● **Exercise brief**
A partial copy is required: transcribe exactly the lines from the one containing "Now let's delve" through the last line below, without any pictures.

● **Data provided**
+--

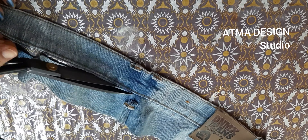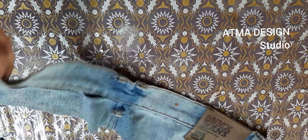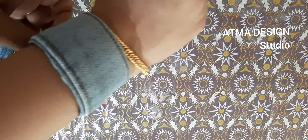Hello, welcome to my channel, Atmada Science Studio. This is our handband.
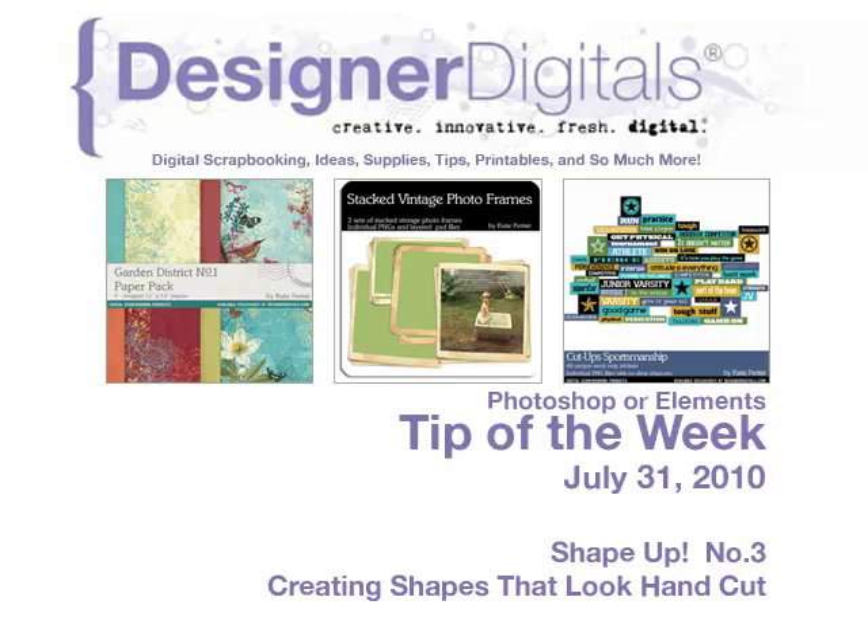Welcome to Designer Digital's Tip of the Week, July 31, 2010. This week: Shape Up number three, creating shapes that look hand cut.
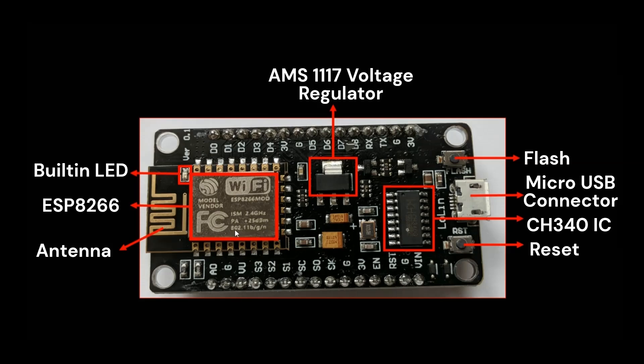Now let's delve into the NodeMCU's pinout. These are the pins we can use for different operations, and understanding them is key to interfacing the board with various sensors, actuators, and other peripherals.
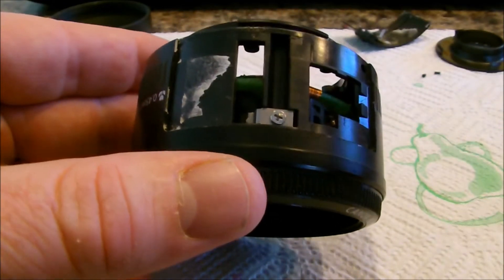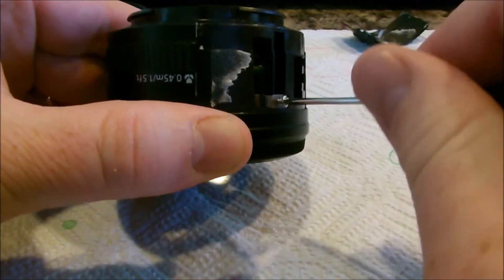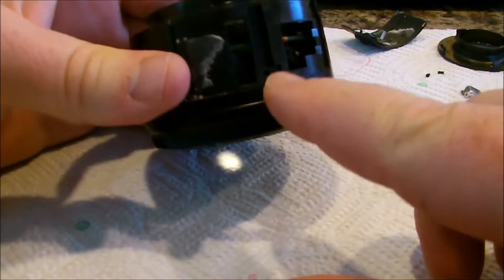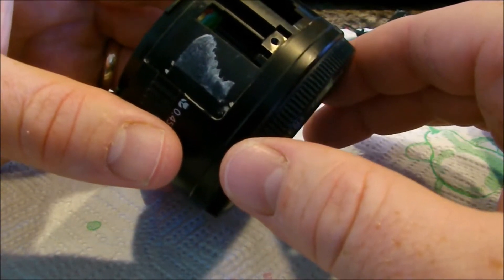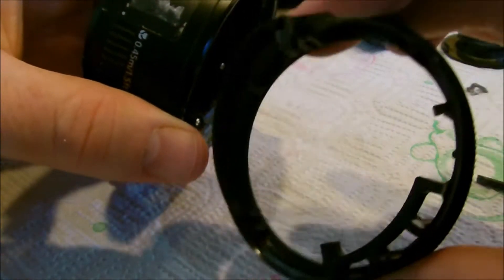Next we're going to remove this screw right here — it's just a Phillips. Set that little mount aside. Now that we've got that part out — the locking mechanism — we're going to twist the focus ring out. Twist this clockwise until you see that little piece right there. You'll see this line up and then it should come out, pulling out the focus ring, and all the guts should come out as well.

+--

● **Result for this exercise**
Now let's delve into the NodeMCU's pinout. These are the pins we can use for different operations, and understanding them is key to interfacing the board with various sensors, actuators, and other peripherals.
Next we're going to remove this screw right here — it's just a Phillips. Set that little mount aside. Now that we've got that part out — the locking mechanism — we're going to twist the focus ring out. Twist this clockwise until you see that little piece right there. You'll see this line up and then it should come out, pulling out the focus ring, and all the guts should come out as well.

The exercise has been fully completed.